**PROBLEM TO SOLVE:**
Nothing but the pictures should be dropped; repeat the rest of the data below exactly.

(STORED DATA begins)

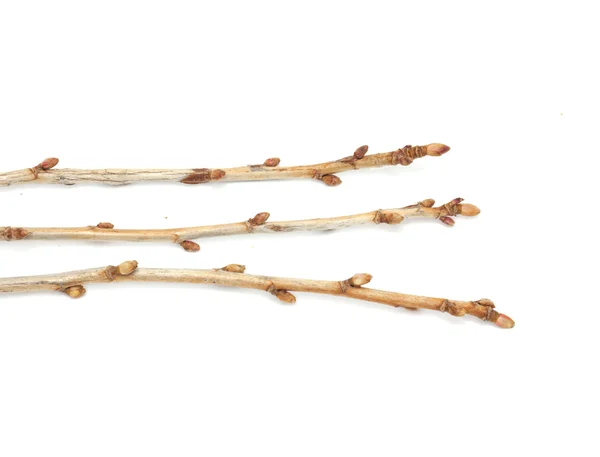 stock image Branches currant buds on a white background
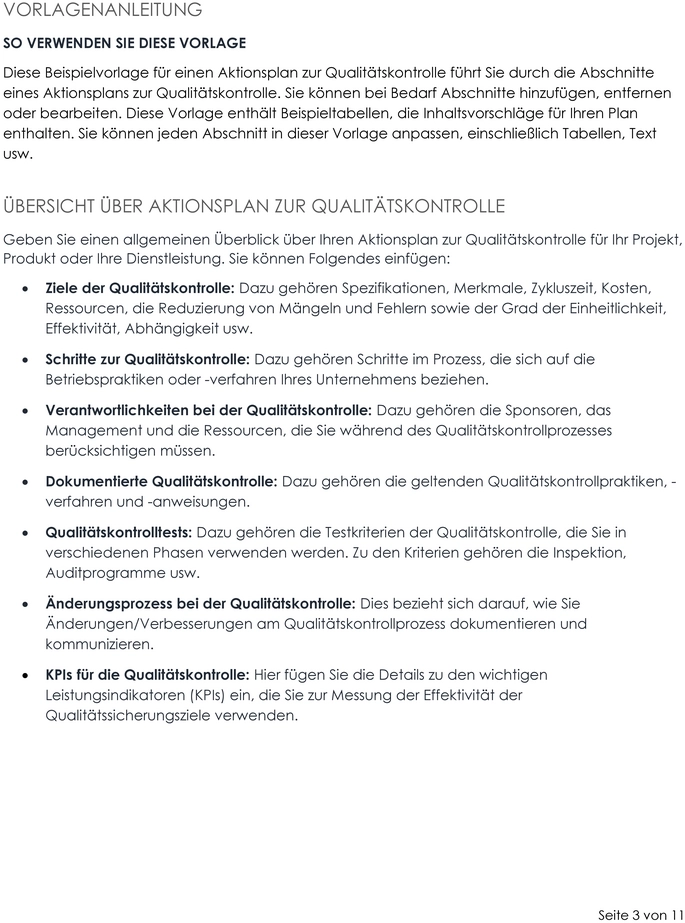 vorlage-fuer-aktionsplan-zur-qualitaetskontrolle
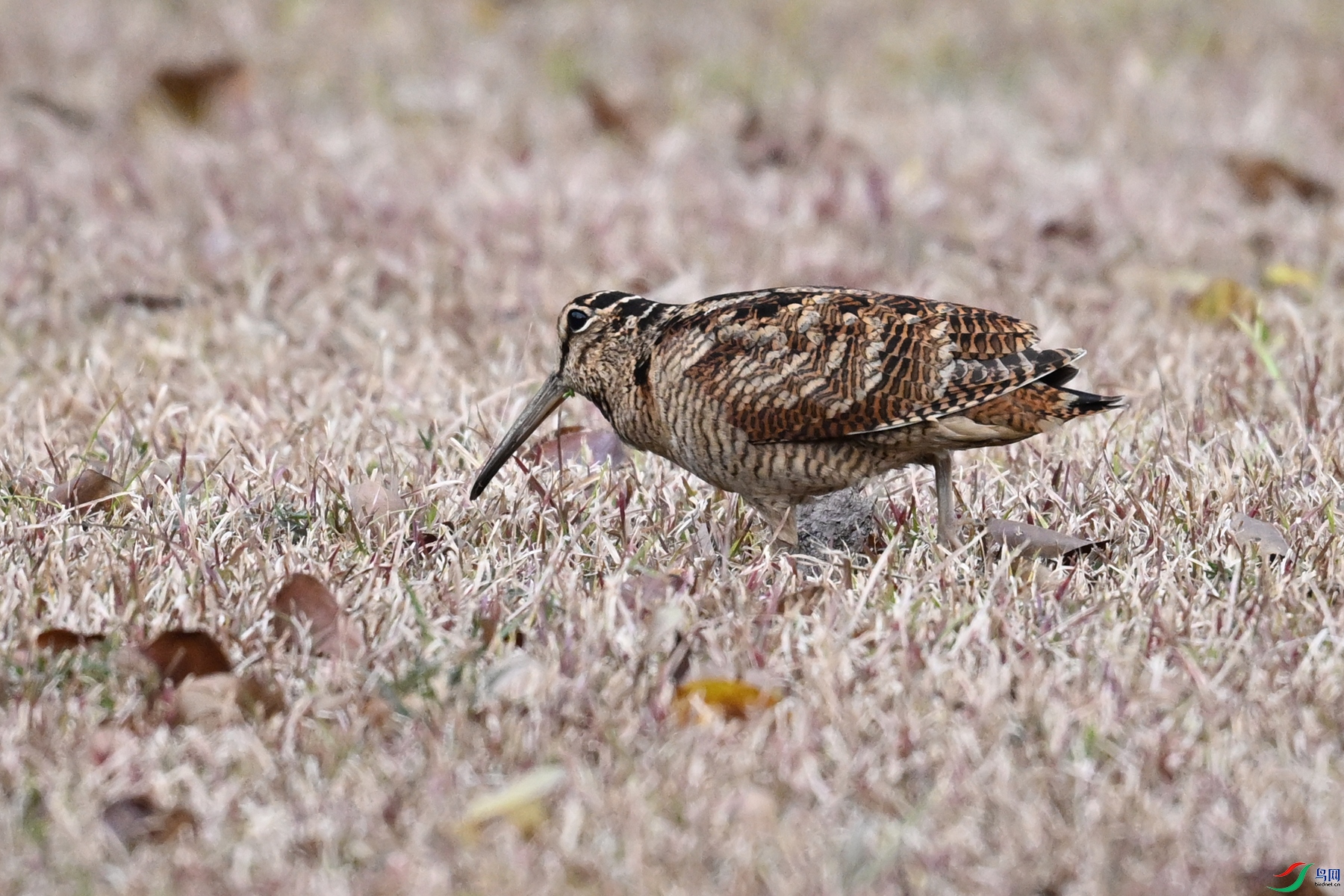 DSC_8662.JPG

(STORED DATA ends)

**FINISHED TASK:**
 stock image Branches currant buds on a white background
 vorlage-fuer-aktionsplan-zur-qualitaetskontrolle
 DSC_8662.JPG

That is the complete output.